Exercise goal: Could you set down exactly the lines in the records below between the line holding "Double room Barcelona, 5" and the line holding "Toyota Yaris 1,0-l-Dual-VVT-i ,EURO 5", inclusive?

Data provided:
== Segment start ==

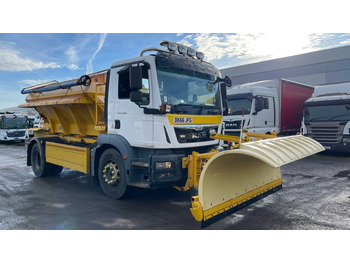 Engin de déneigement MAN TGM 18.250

== Segment end ==
== Segment start ==

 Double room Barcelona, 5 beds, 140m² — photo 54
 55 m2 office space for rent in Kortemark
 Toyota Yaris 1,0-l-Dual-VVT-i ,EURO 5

== Segment end ==
== Segment start ==

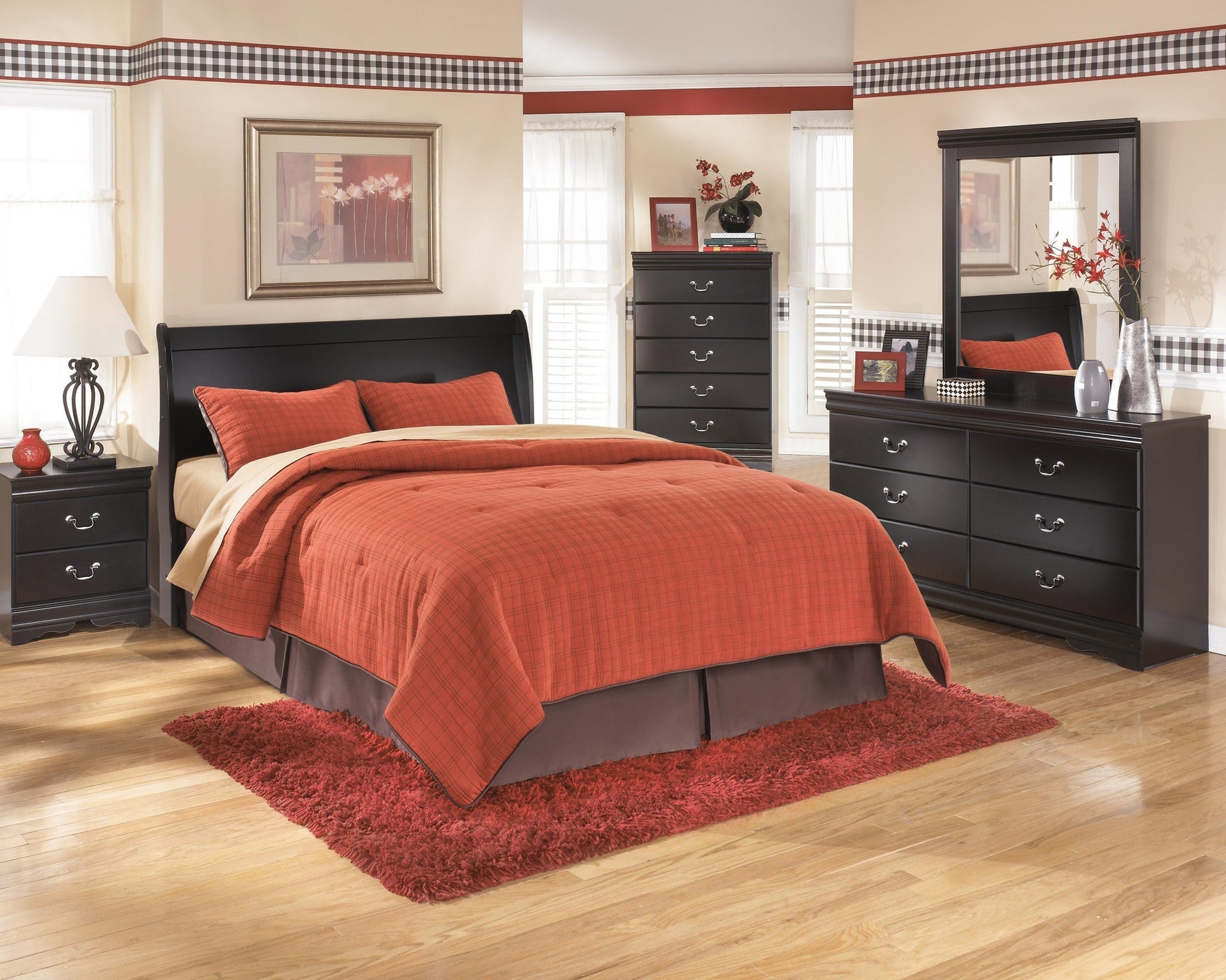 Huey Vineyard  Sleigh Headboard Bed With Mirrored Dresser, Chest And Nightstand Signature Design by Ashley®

== Segment end ==

Answer for the task:
 Double room Barcelona, 5 beds, 140m² — photo 54
 55 m2 office space for rent in Kortemark
 Toyota Yaris 1,0-l-Dual-VVT-i ,EURO 5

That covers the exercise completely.